L’imprenditore calabrese è ritenuto elemento di spicco della cosca ‘ndranghestista degli Alvaro di Sinopoli, colpita oggi dall’operazione con 65 arresti (LEGGI), per riciclaggio e autoriciclaggio commessi con l’aggravante mafiosa. Contestualmente alla misura precautelare, è stato eseguito un decreto di sequestro preventivo di alcuni beni immobili in territorio marchigiano per un valore complessivo di 1,5 milioni di euro. Eseguite anche numerose perquisizioni nei confronti di altri tre indagati, nonché di soggetti e società dislocati in altre regioni del territorio nazionale e all’estero, emersi nel corso delle attività d’indagine.

L’operazione scaturisce dagli esiti dell’indagine “Open Fiber”, avviata dal Ros dei Carabinieri nel gennaio 2018 a seguito di alcune segnalazioni per operazioni sospette, pervenute dall’Uif della Banca d’Italia. Operazioni per le quali sono stati accertati stabili rapporti economici tra l’imprenditore calabrese e i professionisti marchigiani destinatari del provvedimento di fermo di indiziato di delitto.

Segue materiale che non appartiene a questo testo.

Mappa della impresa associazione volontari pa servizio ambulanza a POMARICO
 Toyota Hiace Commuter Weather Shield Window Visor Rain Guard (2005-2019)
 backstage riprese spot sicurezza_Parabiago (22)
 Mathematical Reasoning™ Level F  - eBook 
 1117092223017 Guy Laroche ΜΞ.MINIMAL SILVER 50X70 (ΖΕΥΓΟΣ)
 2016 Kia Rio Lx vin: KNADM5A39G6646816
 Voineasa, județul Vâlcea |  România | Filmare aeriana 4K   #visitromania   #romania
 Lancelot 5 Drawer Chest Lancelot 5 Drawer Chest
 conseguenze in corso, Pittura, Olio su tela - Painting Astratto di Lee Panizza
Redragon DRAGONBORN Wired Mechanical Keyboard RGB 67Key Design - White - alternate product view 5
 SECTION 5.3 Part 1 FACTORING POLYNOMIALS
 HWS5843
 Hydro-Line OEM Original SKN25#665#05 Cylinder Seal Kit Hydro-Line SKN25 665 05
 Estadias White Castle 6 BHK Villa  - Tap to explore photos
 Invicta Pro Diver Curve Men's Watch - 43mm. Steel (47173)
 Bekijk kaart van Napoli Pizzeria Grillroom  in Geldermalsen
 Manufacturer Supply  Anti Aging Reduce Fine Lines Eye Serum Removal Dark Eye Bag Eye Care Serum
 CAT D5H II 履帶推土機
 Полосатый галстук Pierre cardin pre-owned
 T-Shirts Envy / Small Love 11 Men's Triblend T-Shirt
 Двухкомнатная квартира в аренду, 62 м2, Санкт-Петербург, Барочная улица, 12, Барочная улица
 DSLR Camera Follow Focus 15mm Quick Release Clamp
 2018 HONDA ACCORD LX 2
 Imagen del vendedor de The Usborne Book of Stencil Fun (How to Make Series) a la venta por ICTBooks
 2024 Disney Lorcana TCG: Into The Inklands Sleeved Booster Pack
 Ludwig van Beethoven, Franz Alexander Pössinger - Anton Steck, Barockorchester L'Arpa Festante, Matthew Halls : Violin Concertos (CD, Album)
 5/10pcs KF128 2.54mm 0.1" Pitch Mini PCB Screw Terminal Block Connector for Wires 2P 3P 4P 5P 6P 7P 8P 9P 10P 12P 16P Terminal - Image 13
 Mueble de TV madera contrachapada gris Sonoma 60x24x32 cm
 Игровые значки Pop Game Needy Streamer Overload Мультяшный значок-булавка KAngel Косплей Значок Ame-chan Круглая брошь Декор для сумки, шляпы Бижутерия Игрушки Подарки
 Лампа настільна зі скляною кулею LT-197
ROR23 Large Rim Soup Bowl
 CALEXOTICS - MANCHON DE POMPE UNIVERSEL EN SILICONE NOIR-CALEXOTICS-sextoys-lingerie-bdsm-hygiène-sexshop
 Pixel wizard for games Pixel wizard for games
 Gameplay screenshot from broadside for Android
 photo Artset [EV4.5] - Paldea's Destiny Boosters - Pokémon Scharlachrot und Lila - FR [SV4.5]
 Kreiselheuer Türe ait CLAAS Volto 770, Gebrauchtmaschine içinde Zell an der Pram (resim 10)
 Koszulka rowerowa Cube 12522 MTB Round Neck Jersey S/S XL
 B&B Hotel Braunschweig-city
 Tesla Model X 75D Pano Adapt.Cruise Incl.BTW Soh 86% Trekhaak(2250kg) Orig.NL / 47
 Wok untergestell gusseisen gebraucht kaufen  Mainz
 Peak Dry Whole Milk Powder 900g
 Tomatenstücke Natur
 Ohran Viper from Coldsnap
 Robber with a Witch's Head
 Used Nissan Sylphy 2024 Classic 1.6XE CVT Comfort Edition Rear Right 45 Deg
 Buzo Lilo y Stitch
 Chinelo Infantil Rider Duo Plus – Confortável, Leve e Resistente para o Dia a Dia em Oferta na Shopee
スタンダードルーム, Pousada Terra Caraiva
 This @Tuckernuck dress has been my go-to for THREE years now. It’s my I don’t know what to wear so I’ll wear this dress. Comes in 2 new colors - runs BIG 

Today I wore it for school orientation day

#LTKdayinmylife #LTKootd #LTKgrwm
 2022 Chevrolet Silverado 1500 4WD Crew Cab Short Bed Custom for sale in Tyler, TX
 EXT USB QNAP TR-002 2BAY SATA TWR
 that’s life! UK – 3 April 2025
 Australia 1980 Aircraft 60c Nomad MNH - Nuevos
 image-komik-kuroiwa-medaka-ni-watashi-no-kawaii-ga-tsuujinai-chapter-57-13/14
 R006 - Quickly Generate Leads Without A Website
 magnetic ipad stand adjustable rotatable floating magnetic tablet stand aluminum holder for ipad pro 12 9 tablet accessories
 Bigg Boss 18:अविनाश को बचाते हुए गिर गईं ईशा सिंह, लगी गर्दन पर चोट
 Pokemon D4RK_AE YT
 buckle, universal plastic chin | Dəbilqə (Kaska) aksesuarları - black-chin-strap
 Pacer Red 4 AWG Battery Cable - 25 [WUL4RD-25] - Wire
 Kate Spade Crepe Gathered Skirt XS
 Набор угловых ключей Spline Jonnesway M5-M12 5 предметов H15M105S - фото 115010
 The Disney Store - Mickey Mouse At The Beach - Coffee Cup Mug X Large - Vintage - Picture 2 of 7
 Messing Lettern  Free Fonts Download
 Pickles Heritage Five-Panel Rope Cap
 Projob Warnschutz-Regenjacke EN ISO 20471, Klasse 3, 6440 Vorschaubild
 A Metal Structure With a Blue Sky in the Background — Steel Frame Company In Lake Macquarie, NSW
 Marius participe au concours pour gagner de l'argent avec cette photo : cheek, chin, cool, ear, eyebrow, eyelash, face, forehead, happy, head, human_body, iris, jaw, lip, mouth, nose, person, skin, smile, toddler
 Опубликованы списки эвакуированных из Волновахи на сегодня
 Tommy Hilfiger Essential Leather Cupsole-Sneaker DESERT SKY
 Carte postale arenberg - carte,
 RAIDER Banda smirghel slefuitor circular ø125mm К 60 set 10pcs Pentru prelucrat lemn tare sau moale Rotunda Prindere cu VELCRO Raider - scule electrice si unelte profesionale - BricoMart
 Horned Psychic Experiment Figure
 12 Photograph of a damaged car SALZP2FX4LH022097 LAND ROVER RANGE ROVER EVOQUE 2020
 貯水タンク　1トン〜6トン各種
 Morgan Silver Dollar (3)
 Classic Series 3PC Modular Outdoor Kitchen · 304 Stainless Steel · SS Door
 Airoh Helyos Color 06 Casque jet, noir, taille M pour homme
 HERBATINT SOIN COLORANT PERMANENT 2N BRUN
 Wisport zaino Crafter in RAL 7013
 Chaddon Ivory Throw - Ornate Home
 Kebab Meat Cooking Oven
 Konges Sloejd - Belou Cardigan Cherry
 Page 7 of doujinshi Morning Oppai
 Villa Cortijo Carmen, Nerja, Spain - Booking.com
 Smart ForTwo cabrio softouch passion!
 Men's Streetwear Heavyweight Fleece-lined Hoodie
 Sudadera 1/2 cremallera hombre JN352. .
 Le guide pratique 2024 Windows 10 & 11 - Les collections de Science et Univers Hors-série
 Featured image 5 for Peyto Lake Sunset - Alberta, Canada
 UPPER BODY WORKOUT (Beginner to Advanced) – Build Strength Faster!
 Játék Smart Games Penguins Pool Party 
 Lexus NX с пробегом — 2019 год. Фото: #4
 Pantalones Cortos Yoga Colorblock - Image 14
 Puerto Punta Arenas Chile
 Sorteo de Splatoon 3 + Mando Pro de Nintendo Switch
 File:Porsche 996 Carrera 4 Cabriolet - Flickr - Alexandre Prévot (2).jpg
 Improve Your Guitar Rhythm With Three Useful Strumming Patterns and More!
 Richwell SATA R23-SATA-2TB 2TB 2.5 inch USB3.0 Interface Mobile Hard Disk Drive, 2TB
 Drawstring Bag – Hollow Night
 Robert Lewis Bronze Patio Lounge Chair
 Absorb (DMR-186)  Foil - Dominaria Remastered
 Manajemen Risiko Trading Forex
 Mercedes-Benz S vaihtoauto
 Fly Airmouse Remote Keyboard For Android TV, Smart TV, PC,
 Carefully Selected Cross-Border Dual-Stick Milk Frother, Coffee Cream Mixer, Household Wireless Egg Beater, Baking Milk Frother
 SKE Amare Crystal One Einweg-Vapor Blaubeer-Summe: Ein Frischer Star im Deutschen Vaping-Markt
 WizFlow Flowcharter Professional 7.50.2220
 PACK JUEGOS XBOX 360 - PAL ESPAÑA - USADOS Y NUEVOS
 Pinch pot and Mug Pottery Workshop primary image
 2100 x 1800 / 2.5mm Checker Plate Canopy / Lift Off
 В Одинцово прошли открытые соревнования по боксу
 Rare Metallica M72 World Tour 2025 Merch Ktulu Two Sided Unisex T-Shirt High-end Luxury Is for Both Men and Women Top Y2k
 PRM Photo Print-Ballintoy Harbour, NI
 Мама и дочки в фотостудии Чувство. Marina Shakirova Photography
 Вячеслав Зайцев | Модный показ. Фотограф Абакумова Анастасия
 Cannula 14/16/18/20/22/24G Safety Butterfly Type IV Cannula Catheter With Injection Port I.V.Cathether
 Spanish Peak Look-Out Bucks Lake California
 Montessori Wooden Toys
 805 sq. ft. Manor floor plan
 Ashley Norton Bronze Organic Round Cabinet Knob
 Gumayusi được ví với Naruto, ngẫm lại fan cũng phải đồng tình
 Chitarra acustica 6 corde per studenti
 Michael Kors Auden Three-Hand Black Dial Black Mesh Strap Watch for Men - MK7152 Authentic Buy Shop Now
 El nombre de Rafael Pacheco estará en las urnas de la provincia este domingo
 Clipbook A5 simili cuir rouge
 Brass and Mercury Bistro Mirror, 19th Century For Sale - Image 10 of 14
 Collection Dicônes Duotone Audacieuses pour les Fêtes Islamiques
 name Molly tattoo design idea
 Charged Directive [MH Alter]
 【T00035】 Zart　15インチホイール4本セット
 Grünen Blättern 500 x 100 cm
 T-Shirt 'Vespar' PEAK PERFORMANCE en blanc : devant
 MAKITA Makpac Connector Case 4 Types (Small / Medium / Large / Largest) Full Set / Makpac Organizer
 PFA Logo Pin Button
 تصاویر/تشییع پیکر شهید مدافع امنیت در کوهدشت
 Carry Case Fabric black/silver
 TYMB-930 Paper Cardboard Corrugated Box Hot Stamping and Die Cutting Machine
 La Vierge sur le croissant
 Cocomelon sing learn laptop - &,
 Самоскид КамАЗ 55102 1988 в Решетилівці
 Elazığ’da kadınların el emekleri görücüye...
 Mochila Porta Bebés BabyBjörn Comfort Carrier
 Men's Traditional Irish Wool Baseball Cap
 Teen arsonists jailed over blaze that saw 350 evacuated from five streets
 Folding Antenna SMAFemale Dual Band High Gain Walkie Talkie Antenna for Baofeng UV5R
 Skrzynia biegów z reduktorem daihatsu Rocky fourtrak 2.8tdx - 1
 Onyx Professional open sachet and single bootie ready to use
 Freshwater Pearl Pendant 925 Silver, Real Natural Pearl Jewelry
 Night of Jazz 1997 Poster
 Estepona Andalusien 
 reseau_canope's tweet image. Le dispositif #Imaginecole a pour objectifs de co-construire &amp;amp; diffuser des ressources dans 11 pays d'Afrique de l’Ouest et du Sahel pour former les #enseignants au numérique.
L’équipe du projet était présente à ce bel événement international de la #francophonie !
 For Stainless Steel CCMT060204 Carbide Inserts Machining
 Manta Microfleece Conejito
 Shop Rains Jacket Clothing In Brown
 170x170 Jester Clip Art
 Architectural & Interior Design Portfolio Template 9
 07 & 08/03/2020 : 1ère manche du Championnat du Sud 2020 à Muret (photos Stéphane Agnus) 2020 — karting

Le indagini hanno documentato un complesso meccanismo di triangolazioni finanziarie tra Italia, Inghilterra e Svizzera, che ha coinvolto altri professionisti indagati ma non destinatari del provvedimento di fermo -, mediante il quale cospicue somme di denaro riconducibili all’organizzazione criminale sono state riciclate, tramite l’imprenditore calabrese, attraverso l’acquisto dei beni immobili sottoposti a sequestro preventivo. Nel contesto delle indagini, vi è stato un costante e puntuale coordinamento della Procura Nazionale Antimafia, dato che lo stesso imprenditore calabrese risultava coinvolto in un’inchiesta sulla medesima cosca degli Alvaro, condotta dalla Procura Distrettuale di Reggio Calabria.